Exercise description: All entries, exactly as written, should be output again.

Record excerpts:
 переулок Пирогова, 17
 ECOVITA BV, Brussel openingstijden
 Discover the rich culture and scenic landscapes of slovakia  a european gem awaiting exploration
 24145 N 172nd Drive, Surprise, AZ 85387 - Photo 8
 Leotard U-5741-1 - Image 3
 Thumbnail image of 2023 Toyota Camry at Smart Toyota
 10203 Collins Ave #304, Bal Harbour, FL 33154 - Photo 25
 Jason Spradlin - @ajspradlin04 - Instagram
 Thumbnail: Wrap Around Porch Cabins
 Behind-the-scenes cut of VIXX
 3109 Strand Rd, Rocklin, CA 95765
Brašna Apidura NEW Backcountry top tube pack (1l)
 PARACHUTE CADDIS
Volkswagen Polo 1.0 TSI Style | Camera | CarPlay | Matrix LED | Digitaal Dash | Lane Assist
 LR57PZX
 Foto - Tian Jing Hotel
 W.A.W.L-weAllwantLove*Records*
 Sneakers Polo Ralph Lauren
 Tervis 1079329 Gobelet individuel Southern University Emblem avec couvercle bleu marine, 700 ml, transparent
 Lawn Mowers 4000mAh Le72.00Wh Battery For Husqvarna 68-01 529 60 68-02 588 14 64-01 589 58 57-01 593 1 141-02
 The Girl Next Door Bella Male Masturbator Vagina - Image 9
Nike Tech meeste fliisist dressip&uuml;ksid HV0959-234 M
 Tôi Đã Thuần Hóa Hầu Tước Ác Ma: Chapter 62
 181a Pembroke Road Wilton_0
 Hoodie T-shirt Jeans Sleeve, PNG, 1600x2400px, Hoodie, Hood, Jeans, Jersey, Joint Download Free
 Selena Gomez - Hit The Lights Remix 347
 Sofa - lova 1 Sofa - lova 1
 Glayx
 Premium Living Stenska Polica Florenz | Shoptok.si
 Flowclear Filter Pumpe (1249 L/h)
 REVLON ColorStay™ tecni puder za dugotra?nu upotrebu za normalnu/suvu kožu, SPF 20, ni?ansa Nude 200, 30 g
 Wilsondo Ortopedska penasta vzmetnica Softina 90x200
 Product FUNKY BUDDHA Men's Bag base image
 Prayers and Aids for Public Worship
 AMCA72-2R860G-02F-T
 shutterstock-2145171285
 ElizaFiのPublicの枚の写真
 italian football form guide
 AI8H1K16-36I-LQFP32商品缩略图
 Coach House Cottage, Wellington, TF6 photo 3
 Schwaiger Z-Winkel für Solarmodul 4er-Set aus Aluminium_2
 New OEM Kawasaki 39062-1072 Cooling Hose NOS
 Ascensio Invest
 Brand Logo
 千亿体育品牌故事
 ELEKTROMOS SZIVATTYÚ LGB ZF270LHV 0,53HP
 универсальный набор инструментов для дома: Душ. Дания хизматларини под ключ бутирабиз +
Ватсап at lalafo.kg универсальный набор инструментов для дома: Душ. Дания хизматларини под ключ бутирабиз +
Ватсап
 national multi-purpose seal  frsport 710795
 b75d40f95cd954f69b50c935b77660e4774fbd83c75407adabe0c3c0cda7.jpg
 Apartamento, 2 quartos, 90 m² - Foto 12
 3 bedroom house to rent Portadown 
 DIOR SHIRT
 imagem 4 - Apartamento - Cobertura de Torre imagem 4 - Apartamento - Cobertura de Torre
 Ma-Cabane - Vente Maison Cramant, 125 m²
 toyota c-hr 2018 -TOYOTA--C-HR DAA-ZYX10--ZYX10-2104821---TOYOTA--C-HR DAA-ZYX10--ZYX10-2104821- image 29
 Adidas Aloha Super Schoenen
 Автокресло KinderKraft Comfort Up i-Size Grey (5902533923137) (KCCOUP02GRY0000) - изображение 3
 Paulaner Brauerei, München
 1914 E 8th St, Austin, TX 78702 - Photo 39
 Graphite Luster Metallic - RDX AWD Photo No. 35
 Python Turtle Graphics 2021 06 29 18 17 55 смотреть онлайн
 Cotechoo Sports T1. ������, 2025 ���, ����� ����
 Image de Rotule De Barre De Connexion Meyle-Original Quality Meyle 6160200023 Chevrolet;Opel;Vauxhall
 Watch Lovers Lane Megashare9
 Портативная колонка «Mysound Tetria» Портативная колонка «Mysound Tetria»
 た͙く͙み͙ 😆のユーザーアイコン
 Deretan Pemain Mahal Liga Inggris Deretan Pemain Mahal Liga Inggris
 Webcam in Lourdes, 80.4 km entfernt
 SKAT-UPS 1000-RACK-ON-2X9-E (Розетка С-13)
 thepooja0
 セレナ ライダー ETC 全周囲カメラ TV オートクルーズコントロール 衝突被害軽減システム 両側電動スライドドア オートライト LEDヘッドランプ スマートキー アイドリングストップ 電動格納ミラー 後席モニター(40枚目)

Response to this task:
 переулок Пирогова, 17
 ECOVITA BV, Brussel openingstijden
 Discover the rich culture and scenic landscapes of slovakia  a european gem awaiting exploration
 24145 N 172nd Drive, Surprise, AZ 85387 - Photo 8
 Leotard U-5741-1 - Image 3
 Thumbnail image of 2023 Toyota Camry at Smart Toyota
 10203 Collins Ave #304, Bal Harbour, FL 33154 - Photo 25
 Jason Spradlin - @ajspradlin04 - Instagram
 Thumbnail: Wrap Around Porch Cabins
 Behind-the-scenes cut of VIXX
 3109 Strand Rd, Rocklin, CA 95765
Brašna Apidura NEW Backcountry top tube pack (1l)
 PARACHUTE CADDIS
Volkswagen Polo 1.0 TSI Style | Camera | CarPlay | Matrix LED | Digitaal Dash | Lane Assist
 LR57PZX
 Foto - Tian Jing Hotel
 W.A.W.L-weAllwantLove*Records*
 Sneakers Polo Ralph Lauren
 Tervis 1079329 Gobelet individuel Southern University Emblem avec couvercle bleu marine, 700 ml, transparent
 Lawn Mowers 4000mAh Le72.00Wh Battery For Husqvarna 68-01 529 60 68-02 588 14 64-01 589 58 57-01 593 1 141-02
 The Girl Next Door Bella Male Masturbator Vagina - Image 9
Nike Tech meeste fliisist dressip&uuml;ksid HV0959-234 M
 Tôi Đã Thuần Hóa Hầu Tước Ác Ma: Chapter 62
 181a Pembroke Road Wilton_0
 Hoodie T-shirt Jeans Sleeve, PNG, 1600x2400px, Hoodie, Hood, Jeans, Jersey, Joint Download Free
 Selena Gomez - Hit The Lights Remix 347
 Sofa - lova 1 Sofa - lova 1
 Glayx
 Premium Living Stenska Polica Florenz | Shoptok.si
 Flowclear Filter Pumpe (1249 L/h)
 REVLON ColorStay™ tecni puder za dugotra?nu upotrebu za normalnu/suvu kožu, SPF 20, ni?ansa Nude 200, 30 g
 Wilsondo Ortopedska penasta vzmetnica Softina 90x200
 Product FUNKY BUDDHA Men's Bag base image
 Prayers and Aids for Public Worship
 AMCA72-2R860G-02F-T
 shutterstock-2145171285
 ElizaFiのPublicの枚の写真
 italian football form guide
 AI8H1K16-36I-LQFP32商品缩略图
 Coach House Cottage, Wellington, TF6 photo 3
 Schwaiger Z-Winkel für Solarmodul 4er-Set aus Aluminium_2
 New OEM Kawasaki 39062-1072 Cooling Hose NOS
 Ascensio Invest
 Brand Logo
 千亿体育品牌故事
 ELEKTROMOS SZIVATTYÚ LGB ZF270LHV 0,53HP
 универсальный набор инструментов для дома: Душ. Дания хизматларини под ключ бутирабиз +
Ватсап at lalafo.kg универсальный набор инструментов для дома: Душ. Дания хизматларини под ключ бутирабиз +
Ватсап
 national multi-purpose seal  frsport 710795
 b75d40f95cd954f69b50c935b77660e4774fbd83c75407adabe0c3c0cda7.jpg
 Apartamento, 2 quartos, 90 m² - Foto 12
 3 bedroom house to rent Portadown 
 DIOR SHIRT
 imagem 4 - Apartamento - Cobertura de Torre imagem 4 - Apartamento - Cobertura de Torre
 Ma-Cabane - Vente Maison Cramant, 125 m²
 toyota c-hr 2018 -TOYOTA--C-HR DAA-ZYX10--ZYX10-2104821---TOYOTA--C-HR DAA-ZYX10--ZYX10-2104821- image 29
 Adidas Aloha Super Schoenen
 Автокресло KinderKraft Comfort Up i-Size Grey (5902533923137) (KCCOUP02GRY0000) - изображение 3
 Paulaner Brauerei, München
 1914 E 8th St, Austin, TX 78702 - Photo 39
 Graphite Luster Metallic - RDX AWD Photo No. 35
 Python Turtle Graphics 2021 06 29 18 17 55 смотреть онлайн
 Cotechoo Sports T1. ������, 2025 ���, ����� ����
 Image de Rotule De Barre De Connexion Meyle-Original Quality Meyle 6160200023 Chevrolet;Opel;Vauxhall
 Watch Lovers Lane Megashare9
 Портативная колонка «Mysound Tetria» Портативная колонка «Mysound Tetria»
 た͙く͙み͙ 😆のユーザーアイコン
 Deretan Pemain Mahal Liga Inggris Deretan Pemain Mahal Liga Inggris
 Webcam in Lourdes, 80.4 km entfernt
 SKAT-UPS 1000-RACK-ON-2X9-E (Розетка С-13)
 thepooja0
 セレナ ライダー ETC 全周囲カメラ TV オートクルーズコントロール 衝突被害軽減システム 両側電動スライドドア オートライト LEDヘッドランプ スマートキー アイドリングストップ 電動格納ミラー 後席モニター(40枚目)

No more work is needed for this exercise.